Python Forum
Byte string catenation inefficient in 3.7?
Thread Rating:
  • 0 Vote(s) - 0 Average
  • 1
  • 2
  • 3
  • 4
  • 5
Byte string catenation inefficient in 3.7?
#8
Numpy: Vaguely aware, not familiar.
Why strings? The bad answer is simply because that’s how it is done in the code I found when I searched on how to write a bmp file.

Sounds like I should check Numpy? Does it include functions to convert to string for an xxx.write(...). Or dies it have equivalent output function?

Ok here is all the sordid detail. I will be pasting below
1. Python27 Code
2. Python27 Output
3. Python37 Code
4. Python37 Output

The two programs are more or less identical. There are some instructions comments (just a few!).

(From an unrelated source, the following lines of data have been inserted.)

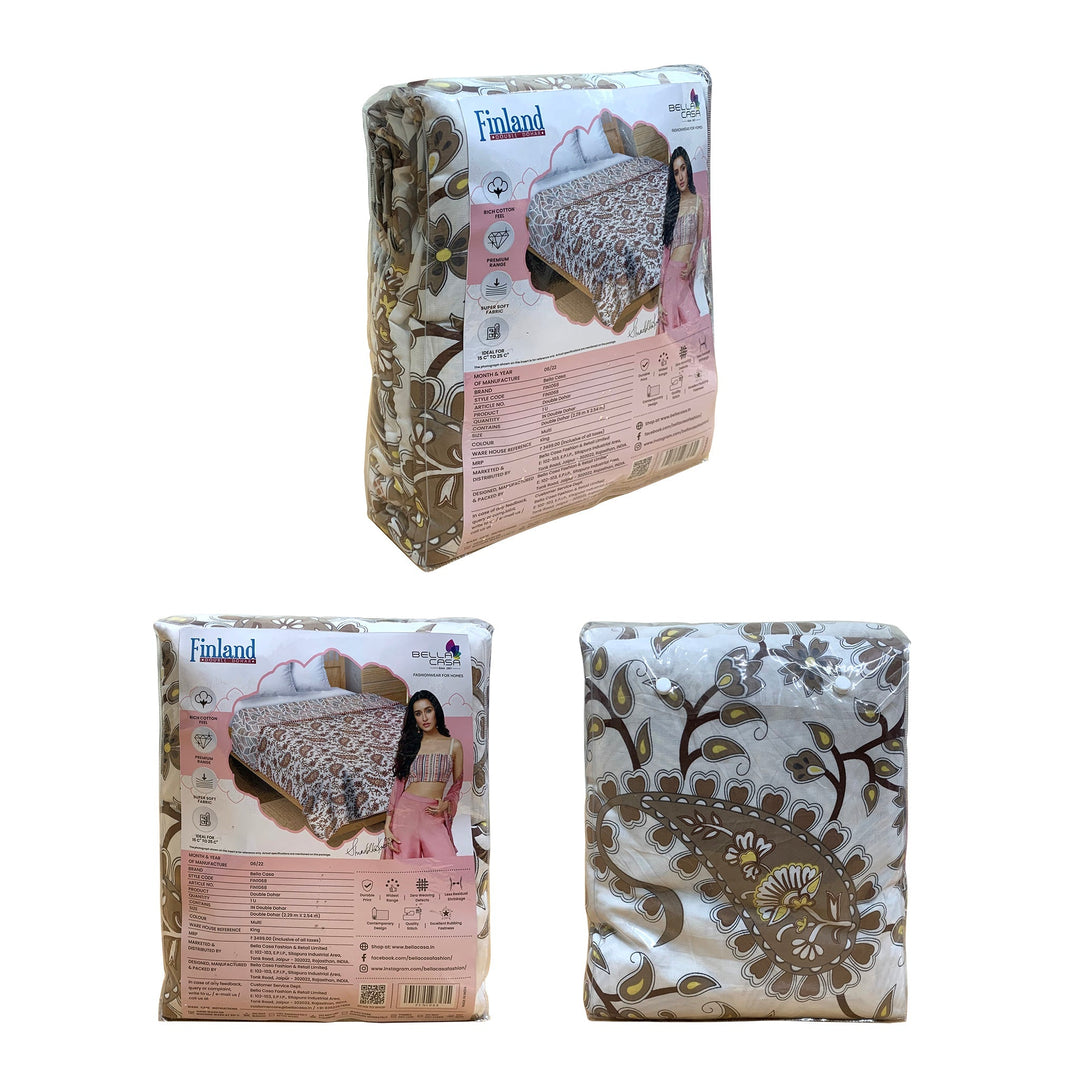 Bella Casa Fashion & Retail Ltd  Dohar Double Dohar/AC Blanket Reversible Cotton | Size: 228 X 254 CM - Finland Collection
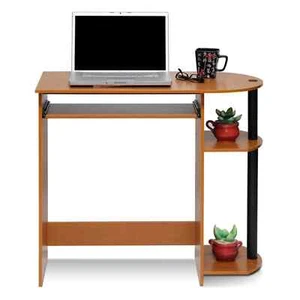 Student Computer Desk Light Cherry Shelves Keyboard Tray Storage Dorm Bedroom - Picture 1 of 2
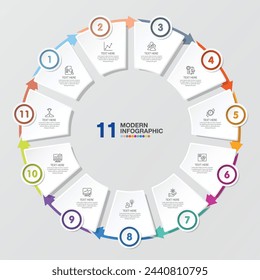 Plantilla de infografía de círculo básico con 11 pasos, proceso u opciones, diagrama de proceso, Utilizado para diagrama de proceso, presentaciones, diseño de flujo de trabajo, diagrama de flujo, infografía. Ilustración del vector eps10.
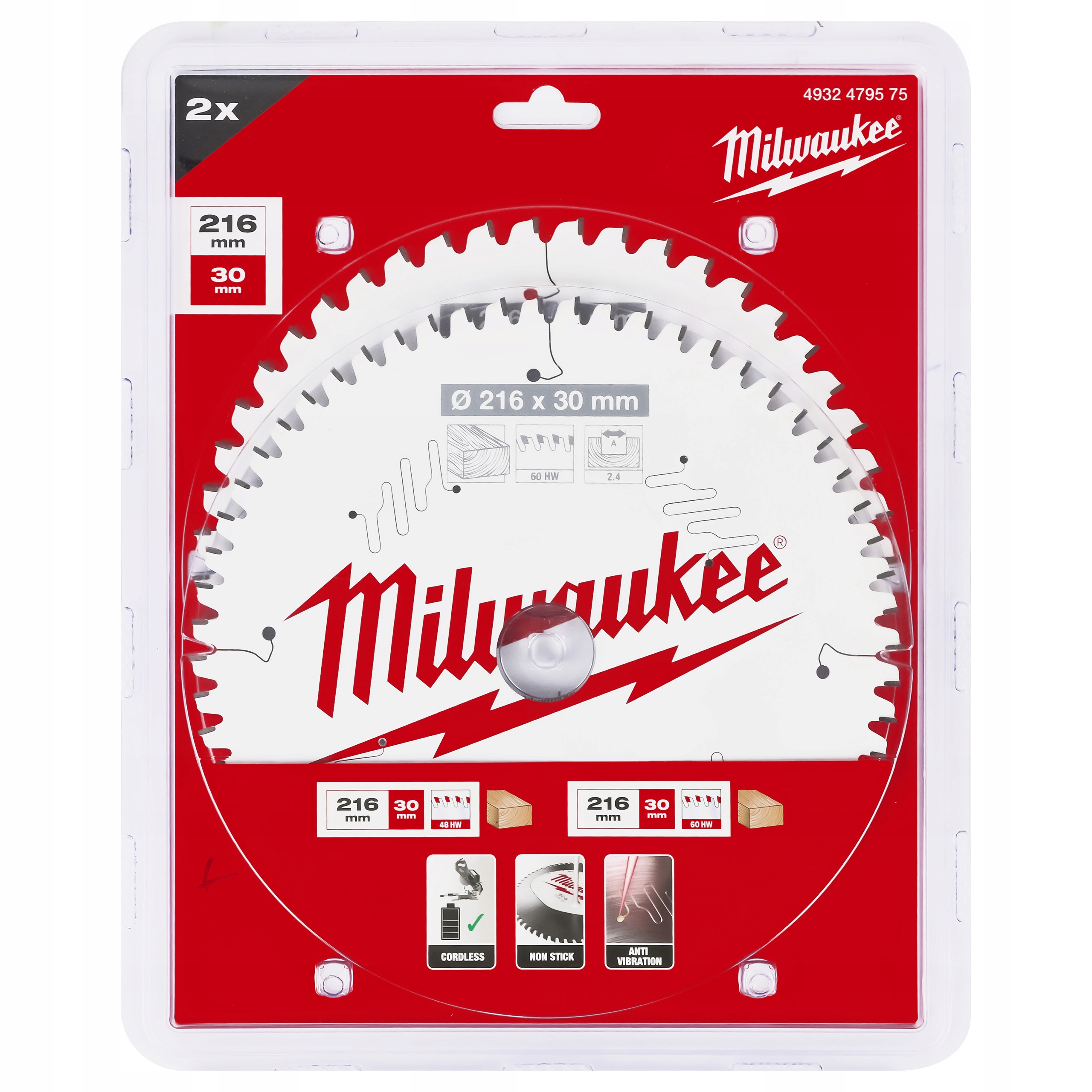 Sada pilových kotoučů na dřevo 216 x 30 mm 2 ks Milwaukee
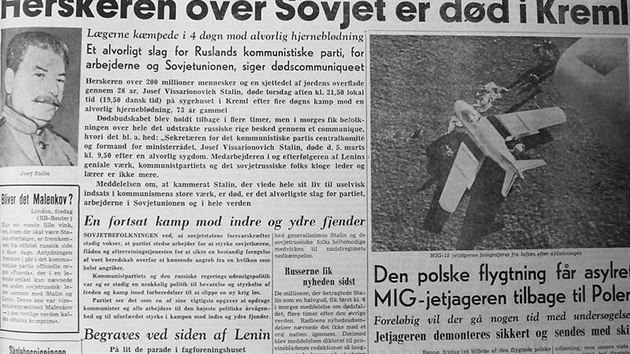 Tituln strana mstnch novin Bornholmeren (vychzejcch v Rønne na ostrov Bornholm) z ptku 6. bezna 1953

The only difference in the versions is the initialisation of the pixel string (and a padding string) as either char or byte.

You can edit the file names if you want to verify for yourself that the output file is correct, or comment that out the file open and write as you like.
The output logs speak for themselves!

On my machine the 3.7 version uses about 40 MB of RAM (out of 16 GB) and about 12% of CPU.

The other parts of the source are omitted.